New Orleans looks beyond State of the Union snub
Mayor C. Ray Nagin is way beyond caring whether President Bush mentioned New Orleans in his State of the Union address Tuesday night.
“We’re 18 months into this thing. I’m tired of complaining and bellyaching,” Nagin said Wednesday when asked about the speech at a news conference.
The city continues its struggle to recover from Hurricane Katrina, which pummeled New Orleans in August 2005, and some observers thought the absence of Katrina recovery from Bush’s speech was telling.
Nagin was unfazed. “We’re going to take whatever nickels we have, whatever pennies we have, whatever dollars we have, and we’re going to stretch it, and we’re going to make this recovery work,” he said.

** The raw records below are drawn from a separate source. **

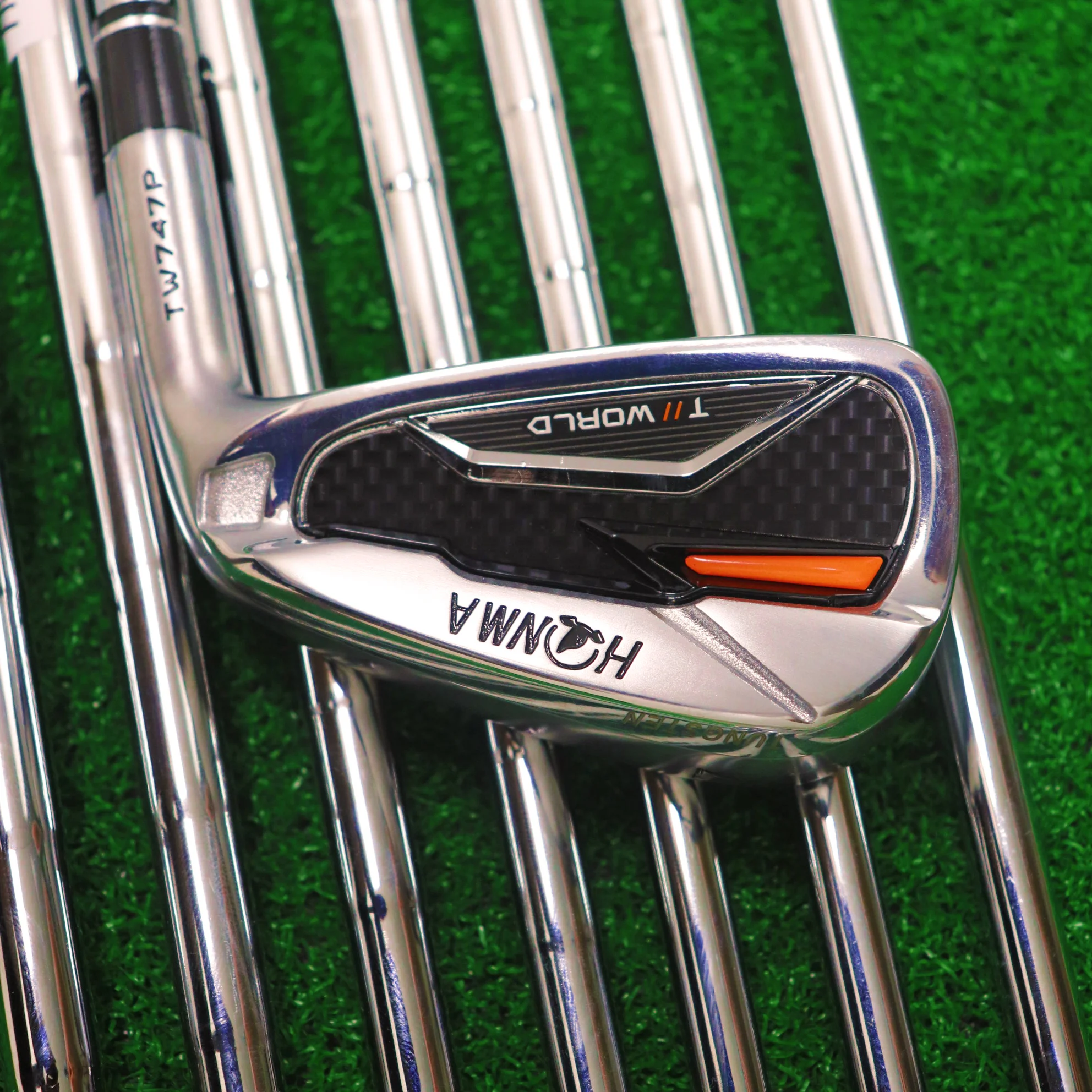 New mens Golf clubs HONMA TW747P Golf irons 4 11 Irons clubs Graphite shaft R/S/ flex with Golf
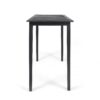 Outdoor Minimalist Acacia Wood Rectangle Bar Table - Dark Gray - Image 9
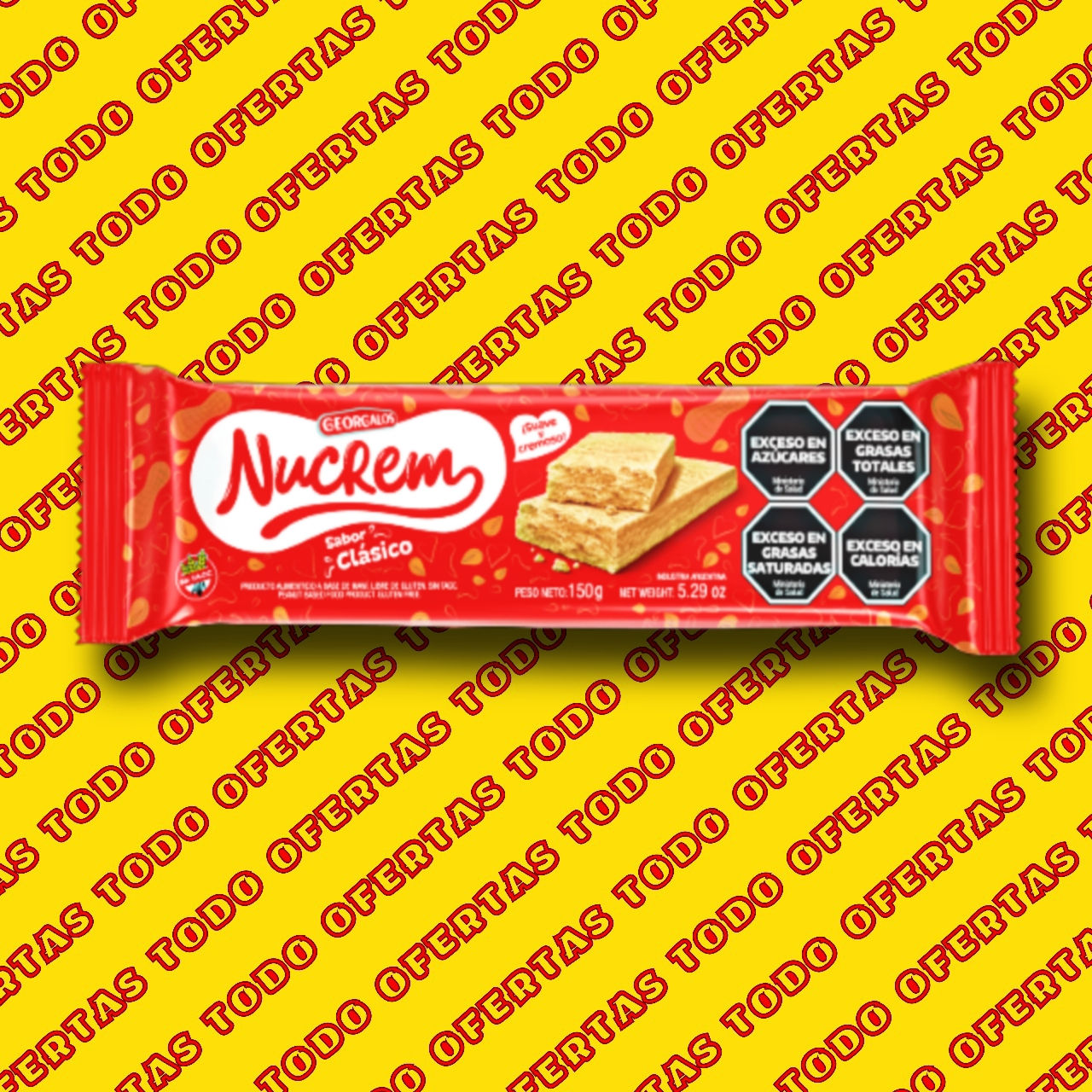 Nucrem Sabor Clásico 150g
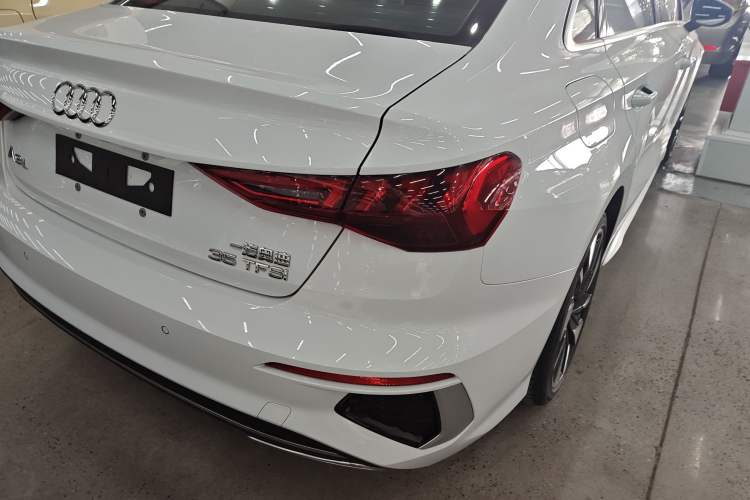 Used Audi A3 2022 A3L Limousine 35 TFSI Fashion Sport Model
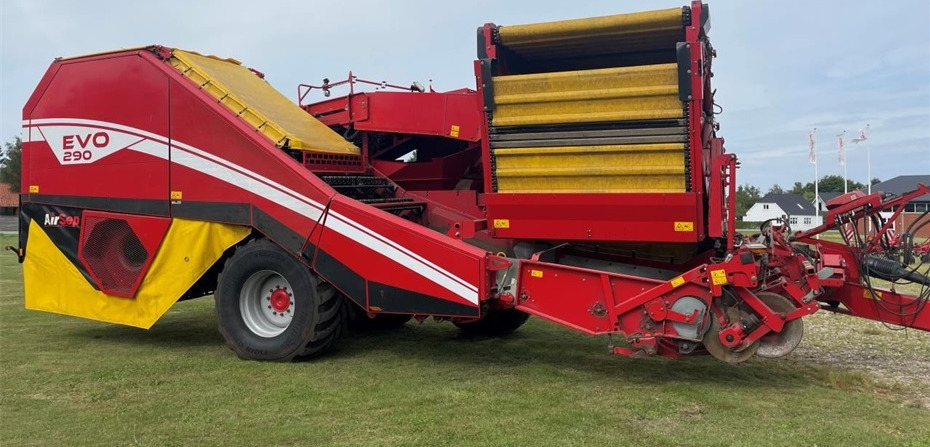 Grimme EVO 290 AirSep - Potato harvester: picture 2 Grimme EVO 290 AirSep - Potato harvester: picture 2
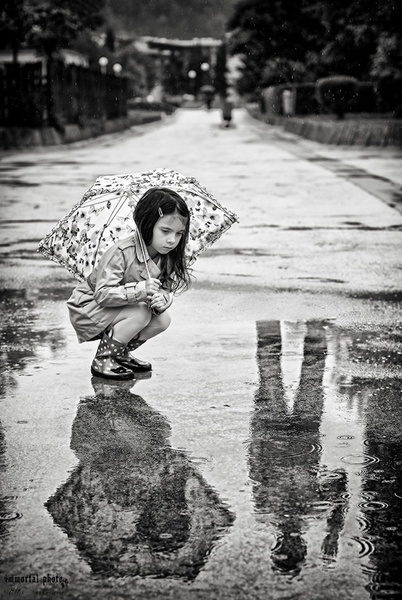 When It Rains I’m Yours by Elvis Karahmetovič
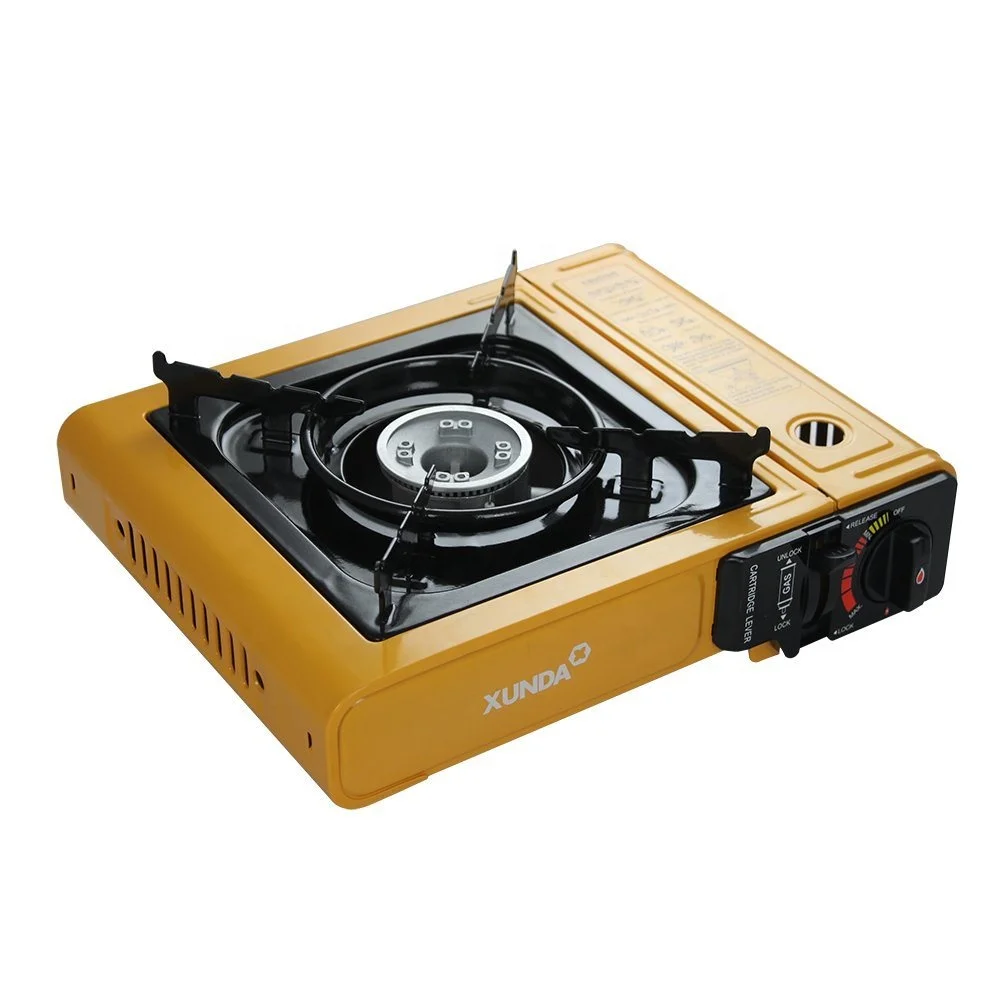 Xunda Competitive Price Camping Stove Gas Cooker Portable Gas Stove Camping Gas Burner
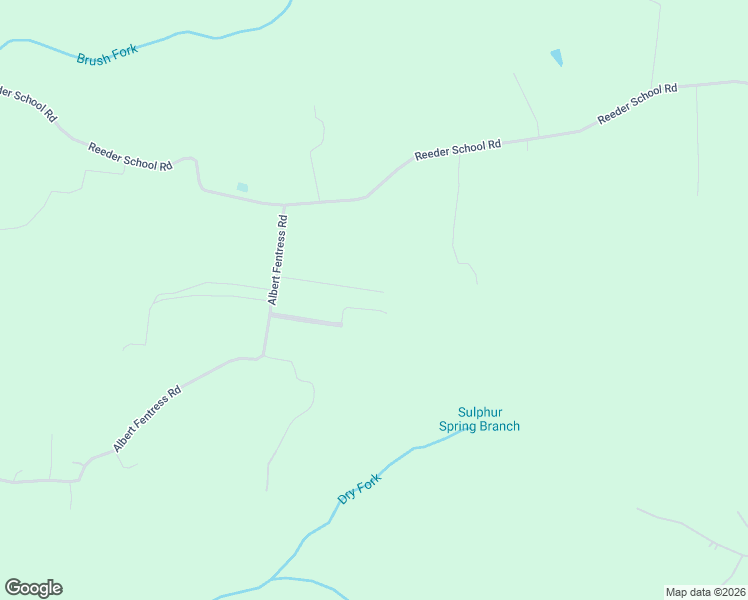 map of restaurants, bars, coffee shops, grocery stores, and more near 4925 Albert Fentress Road in Greenbrier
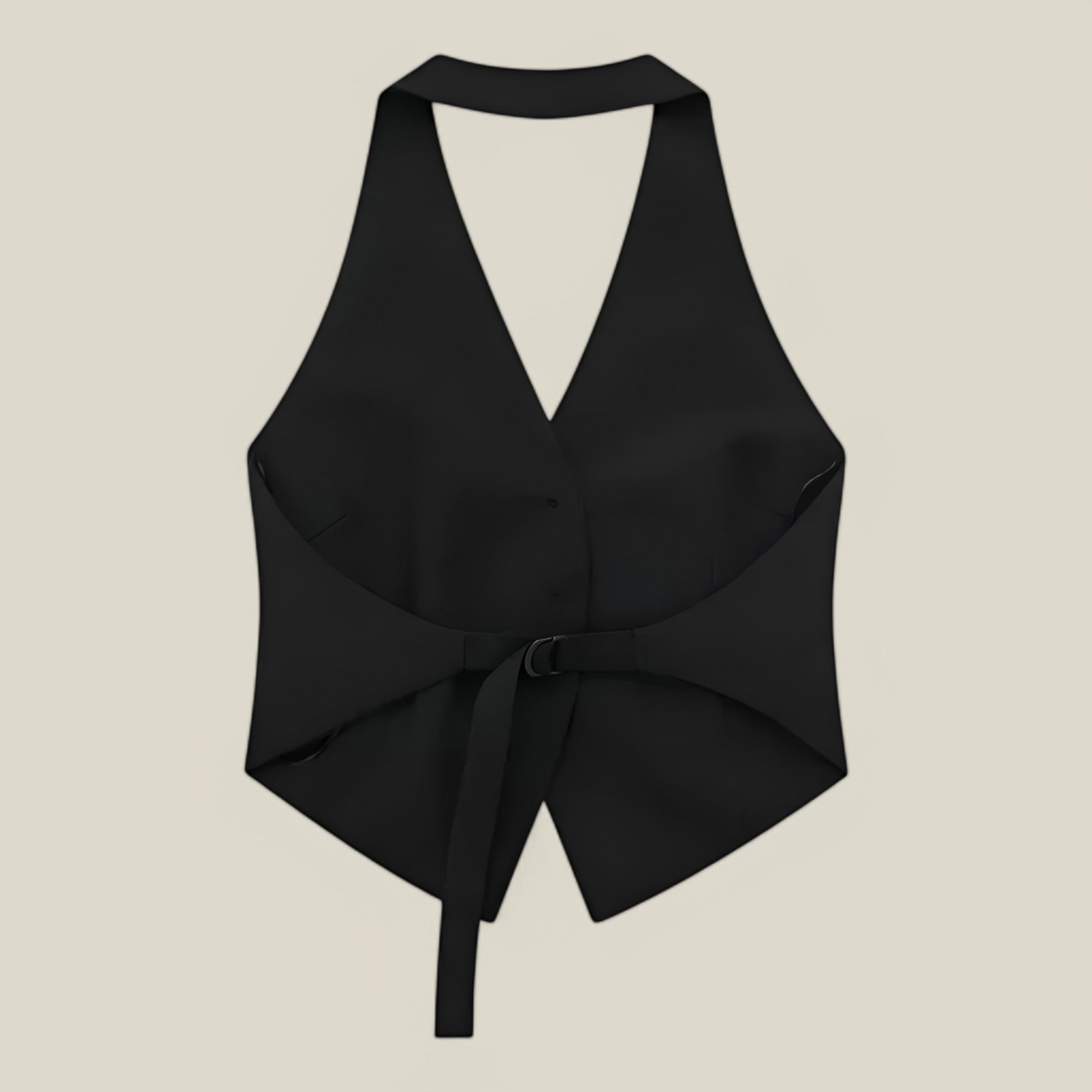 Élise | Gilet mode dos nu - glamour et tendance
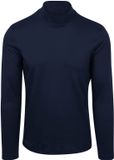 Desoto Turtleneck Trui Navy - Maat M - Heren
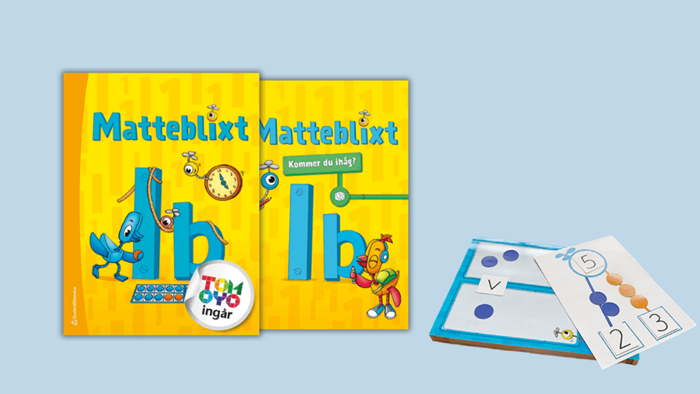 Matteblixt 1b elevpaket smakprov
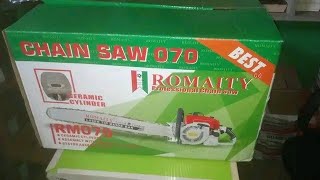 ROMAity 070 clone chainsaw(Segunda STIHL)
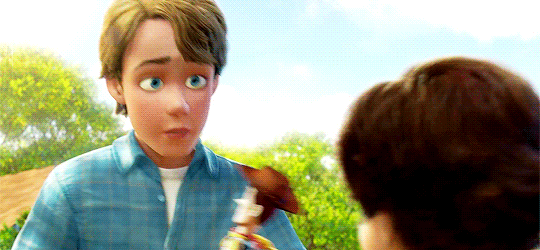 토이스토리3 눈물버튼.gif | 인스티즈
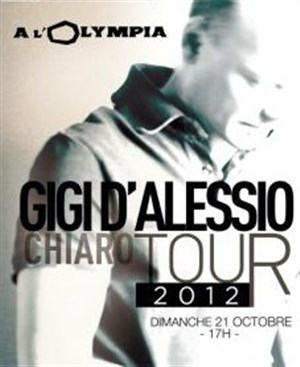 Affiche de Gigi d'Alessio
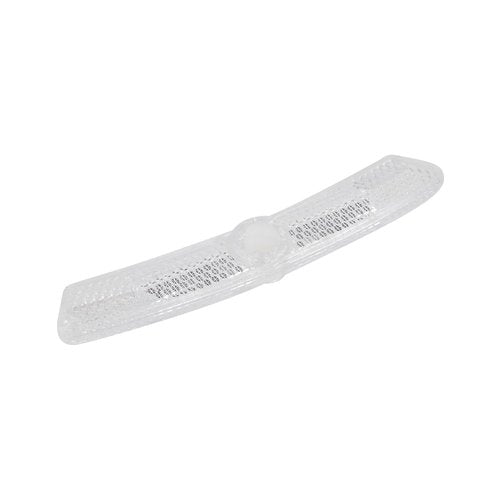 Nicerity 10Pcs Bicycle Wheel Spoke Reflectors Bicycle Light Reflectors Bike Safety Warning for Mountain Bike Road Bike Decoration (White)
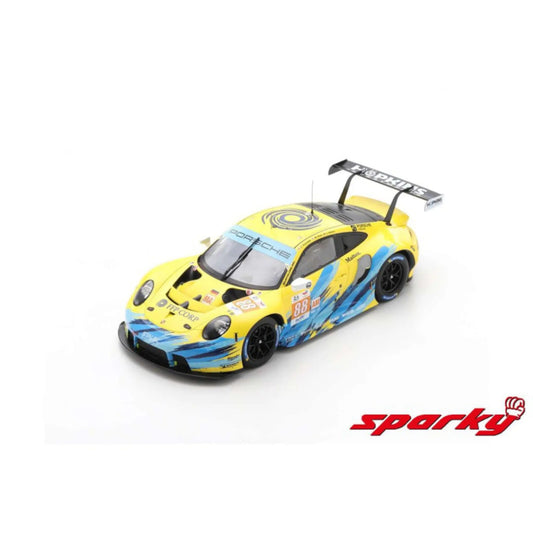 Porsche 911 RSR-19 Dempsey Proton Racing #88 24h Le Mans 2022 Sparky 1/64 - spaY277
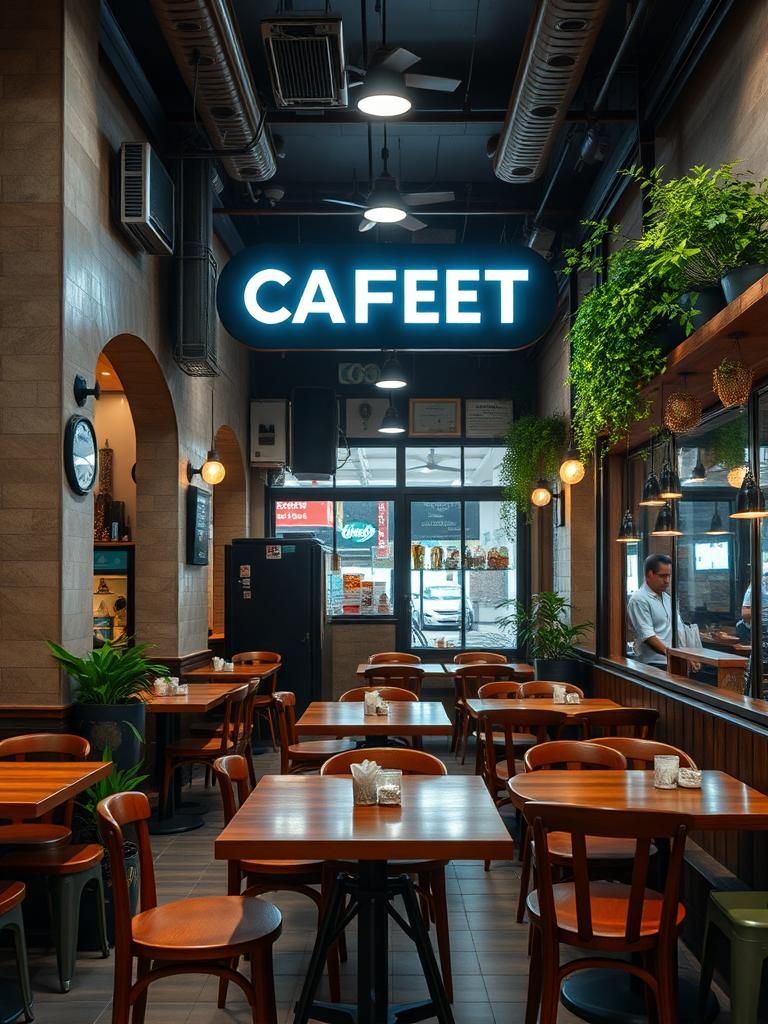 老街食堂 Old Street Cafeteria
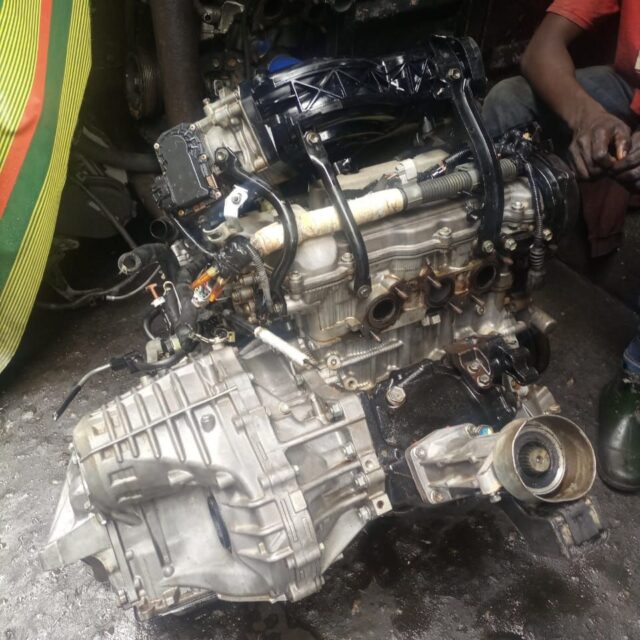 3mz Toyota engine. For sale at ladipo market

The mayor made his remarks as he announced a two-year pilot program that would offer loans -- interest-free for six months -- to homeowners waiting to receive aid from the sluggish Road Home recovery initiative, a state program that distributes federal funds. Almost 101,700 families have applied to the program, but as of Monday, money had been made available to 258.
City officials and residents are frustrated by the slow pace; many homeowners doubt they will ever receive Road Home assistance.
Other Louisiana lawmakers and residents took exception to the omission of the state’s continued plight from Bush’s speech, which focused on Iraq and domestic issues such as healthcare reform and energy consumption.
“Last year we were disappointed that the administration mentioned Katrina almost as an afterthought,” Rep. William J. Jefferson (D-La.), said in a phone interview. “This year ... we are shocked that there was no mention at all of it, as if the problem has been solved, or simply gone away.”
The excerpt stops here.